Once upon a time, if you got a book published, you’d cross your fingers for a review in the New York Times, but you’d probably have to settle for brief reviews in smaller papers. Now most of those stalwarts are gone, and a review in the NYT or the others left standing is even less likely than before. There’s precious little space for paid reviewers to turn their attention on you.
In order to get that attention, writers are urged to market themselves on social media sites like Goodreads and Facebook. I don’t do this myself. I don’t even have an agent. But I know plenty of writers who jump through all the hoops.
Since I’m not at all sure what the hoops entail, I’m hoping that some of you will hop onto this site and Explain It All For Me. I know some of it involves author pages and asking people to “like” you.
The result: Writers get gobs of reviews from unpaid reviewers. In theory this is a good thing. My publisher tells me there’s little proof that all this attention translates into sales. I have no idea.
Some unpaid reviewers actually are paid—in copies of books.

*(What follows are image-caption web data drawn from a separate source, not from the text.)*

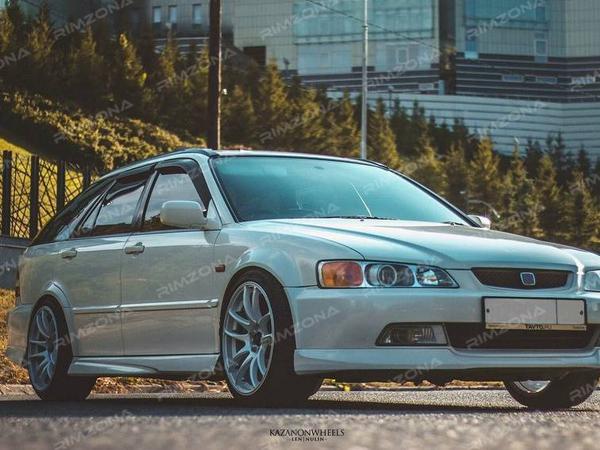 Honda Accord на литых дисках work emotion cr kiwami "18" - Фото № 2
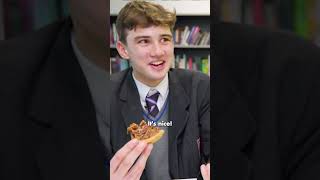 Brits try Pecan Pie for the first time!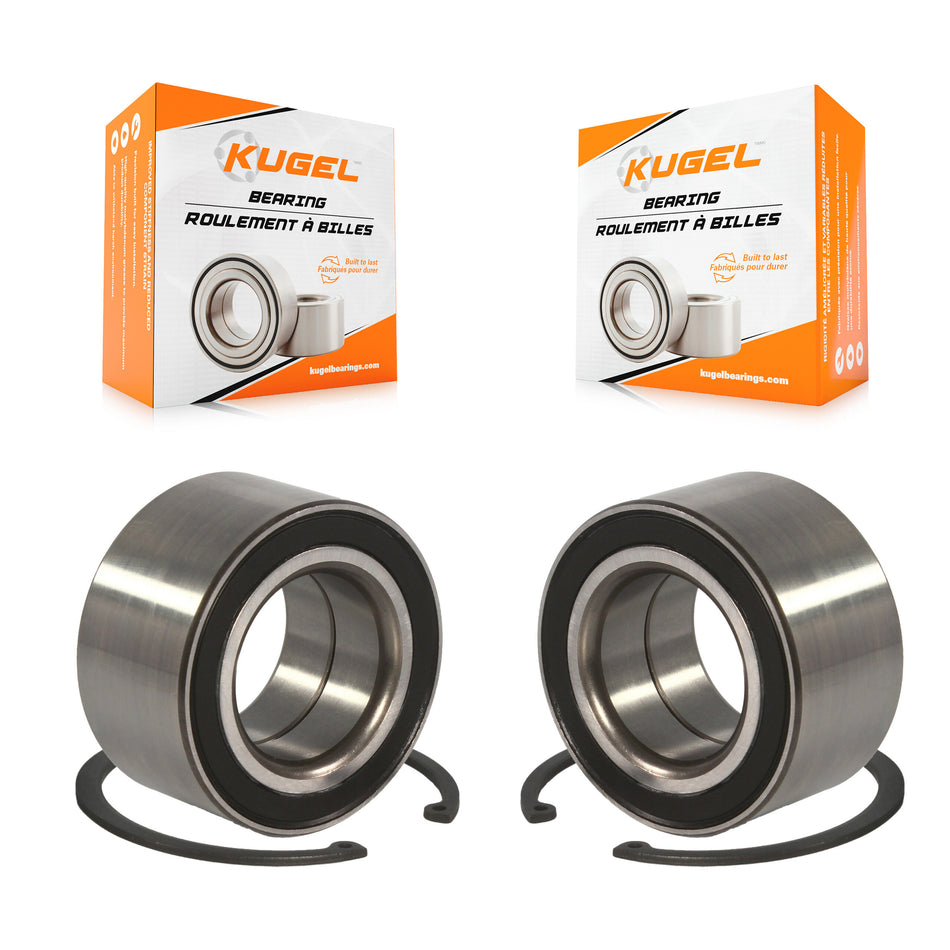 Front Wheel Bearing Pair For Toyota Camry Lexus Ford Edge Sienna ES350 Avalon Highlander Mazda CX-9 Venza Lincoln MKX RX350 RX330 Solara ES330 CX-7 6 Matrix ES300h RX400h Pontiac Vibe K70-100508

According to Margo Howard, Amazon, which owns Goodreads, also promotes a crack team of elite pre-publication unpaids, “Vine Voices.” These “most trusted” reviewers provide “honest and unbiased feedback,” for which they are sometimes paid by “participating vendors.”
Writers who have dutifully hoop-jumped then get to sit back and enjoy all this critical attention.

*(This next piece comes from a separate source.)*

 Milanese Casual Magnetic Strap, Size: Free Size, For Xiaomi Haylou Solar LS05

Margo Howard isn’t the only writer who has not enjoyed it. Every writer I know has experienced blowback, as opposed to feedback, from unpaid reviews.
I’m not talking about reviews which simply give a number of stars, or which just say “I liked it” or “This isn’t for me” or “I hate hate hate this book” or “This writer’s books suck.” These are straightforward expressions of opinion. Everybody’s got one, and why not.

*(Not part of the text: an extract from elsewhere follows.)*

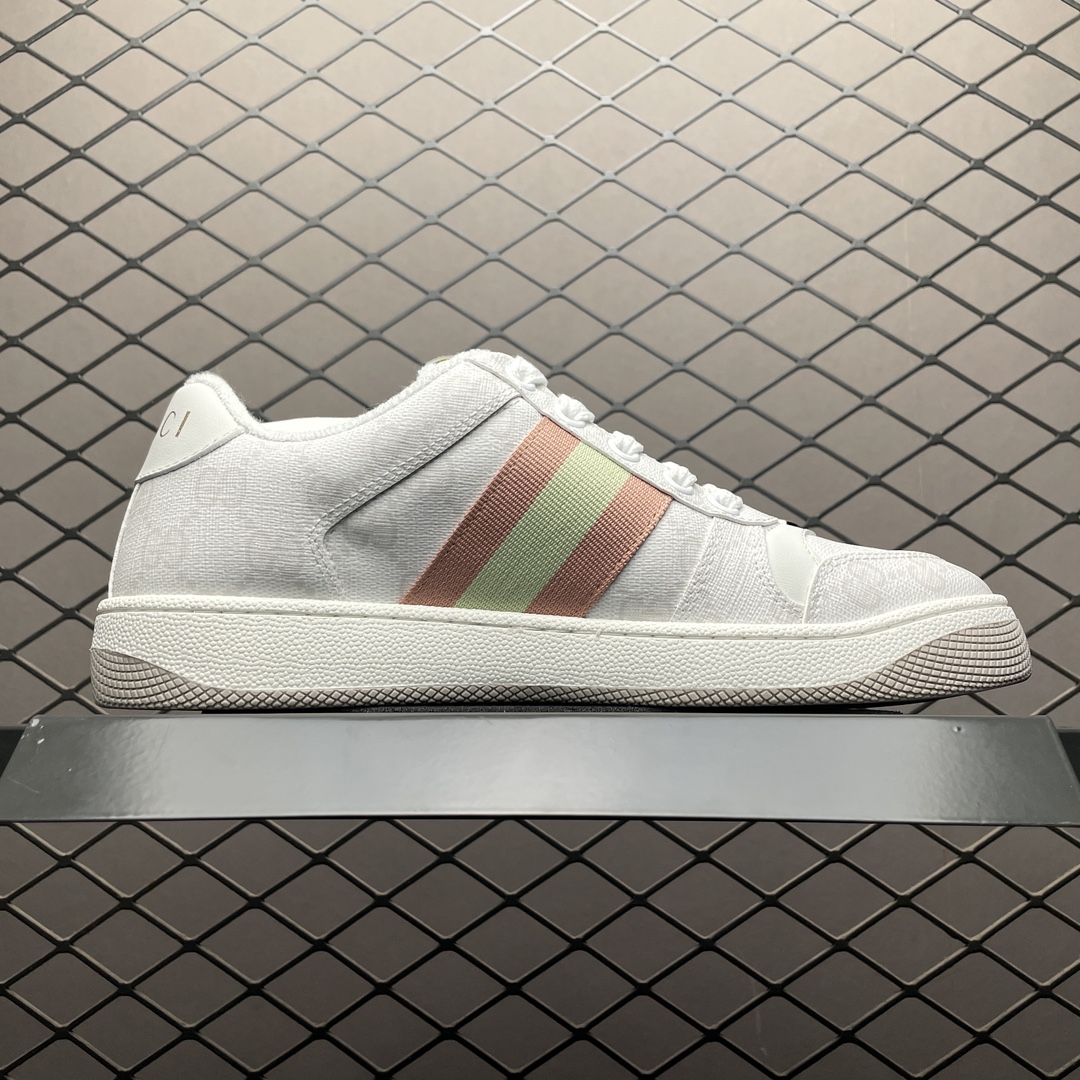 Replica GUCCI Shoe Gucci Screener GG Size 35 36 37 38 39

And I’m certainly not talking about those unpaids which are well-written and sharply critical. If a writer takes offense because a reader didn’t like her book, that writer needs to toughen up. And if a reviewer, paid or unpaid, backs up critical assessments with illustrative quotes and examples, then that writer should be grateful and credit the reviewer’s skills. We learn from intelligent criticism, whether we agree with it or not.
Finally, I don’t want to imply that writers are entitled to “constructive criticism” from unpaids. “Constructive criticism”—criticism designed to help the writer improve–has a place only in a workshop/class setting. Reviewers, paid and unpaid, are not the writer’s teachers, friends, or fellows; constructive criticism is inappropriate (and presumptuous) in a review.
I’m talking about unpaids who
1. Rant just to hear themselves type
2. Encourage their readers to agree with them when all they’ve done is express their own taste
3. Attack the writer personally.
If an unpaid reviewer actually attempts to review the book rather than simply share her own experience in reading it, then that reviewer has entered that cold and windswept place where all writers wait for judgment. When you put out what you write instead of keeping it in a drawer, that’s what happens to you.
Of course, paid reviews can and should be held to a higher standard. If you’re paid to be a critic, you shouldn’t go on about your own tastes, and you should always back up your claims and observations with examples from the text. Critics who find books genuinely awful should be forgiven a bit of snark, even savagery, provided they’re not just showing off. The spotlight should remain on the book.
My purpose in establishing this site is to encourage critical analyses of our reviews.
This is not an “anti-bully” site. For one thing, such a site already exists. For another, I’m not interested in whether an unpaid is or is not a bully. Tedious flame wars erupt over such charges. “Bully” is an important word in danger of becoming meaningless when it’s applied to an ever-widening circle of behavior types. Surely in order to bully someone you must be in a position of power: Employer/employee; big kid/little kid. I don’t see a great imbalance of power between these review sites and writers. This is the Internet. Anybody can post. Mob behavior, yes; bullying, not so much.
I’m interested only in the quality of the writing. The best and worst of writers is on the page, and I want to train and maintain focus on the page.
Writing a good book review isn’t easy. It begins obviously enough with your own reaction to the book, but then you have to figure out why you’ve reacted that way, and then you have to provide evidence (with quotes and examples) from the book to back up your assessment. People don’t read reviews to find out whether the reviewer liked the book. They read to find out if they themselves will like it.
Some talented unpaids and most paid reviewers understand this. Others do not.
Mean Writers is a place for writers to review their reviewers. I’m not sure exactly how this should be done–I think I’ll learn best by doing and observing–but I’m inviting all writers to analyze and assess the reviews they find most objectionable. I have no idea whether the unpaids themselves will benefit from this enterprise, but I suspect that the writers themselves will feel a whole lot better when they’re through.
When I figure out exactly how this is going to work, I’ll amend this page with information.